Марина Цветаева. Воздух трагедии - страница 49
«Иждивенческий костюм» – купленный на стипендию, выплачиваемую в Чехии, как мы говорили выше, бывшим солдатам и офицерам Белой армии, ставшим здесь студентами. Другого костюма на нее не купишь. Такой мягкий, мирный, немного грустный «диккенсовский» юмор… В воспоминаниях Ариадны Эфрон семейному чтению Диккенса посвящены лирические страницы. Можно представить, как весело вспоминали они дома после спектакля разные забавные подробности. Это была атмосфера тонкого, доброго юмора, сближающего душевно родных людей, умеющих и так называемые недостатки друг друга воспринимать весело и артистично.

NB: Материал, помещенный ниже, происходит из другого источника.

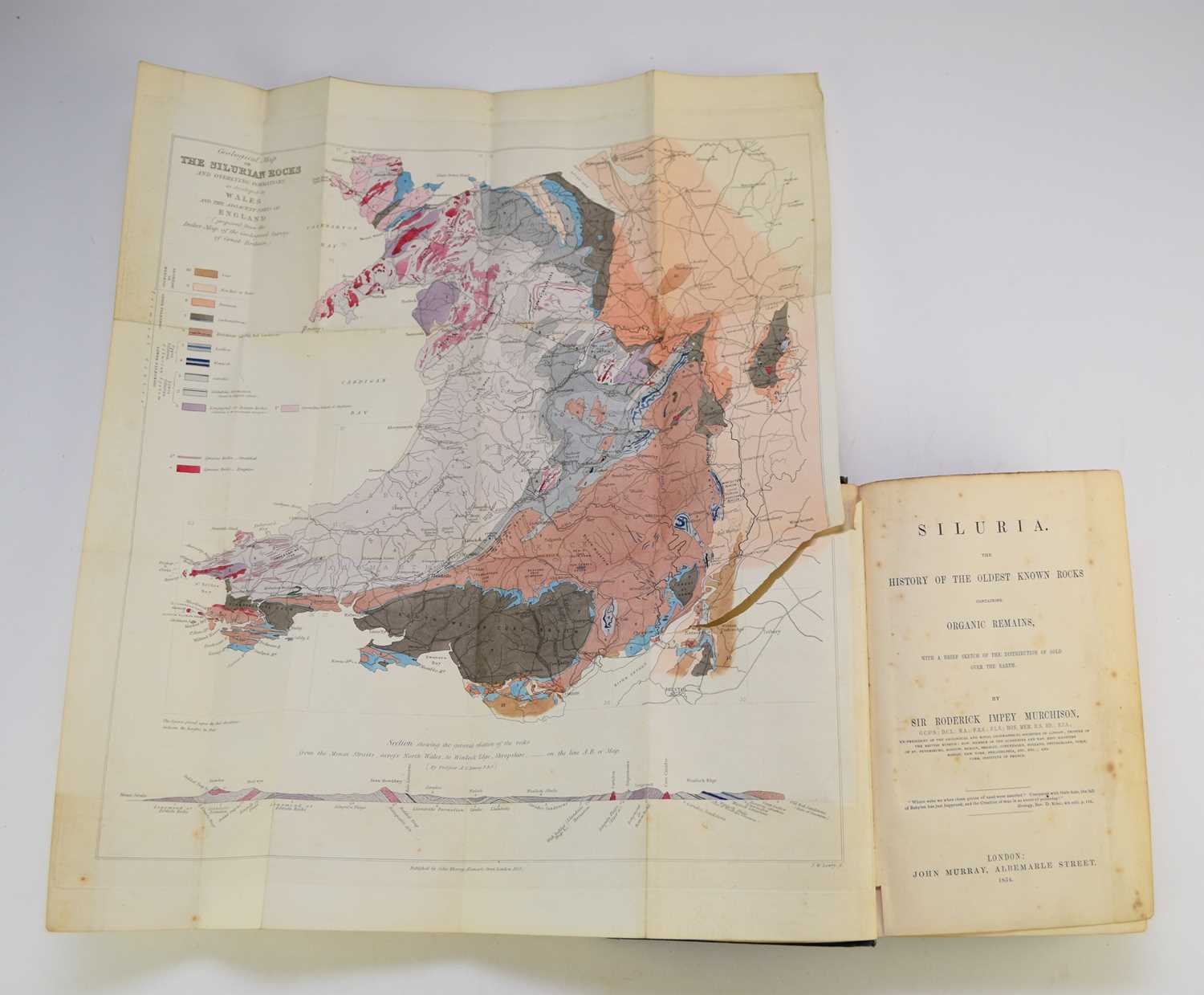 Lot 109 - MURCHISON, Sir Roderick Impey, Siluria, The Oldest Known Rocks. 1st edition 1854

«Рассказы Марины и Эфрона даже о событиях, в которых я сама принимала участие, были так талантливы, что я смеясь, замечала: „Не знала, что это было так интересно“» – так вспоминает архитектор Екатерина Рейтлингер-Кист («В Чехии»). «Катя Р.» – это имя часто встречается в цветаевских письмах той поры. Она была близким другом их семьи и пылкой поклонницей цветаевской поэзии, много помогала Марине: сопровождала ее, плохо ориентировавшуюся, по городу во время редких приездов из пригорода в Прагу, нянчилась с маленьким Муром.
При всем горестном глубинном осознании-переживании, прорывавшемся в цветаевской лирике, где, по ее словам, «ничего не скрыть», – что «никаких земель не открыть вдвоем», на поверхности живой жизни внутренний диалог Марины и Сергея еще долго полнокровно продолжается. Они вместе увлеченно принимают участие в делах Пражского Союза русских писателей.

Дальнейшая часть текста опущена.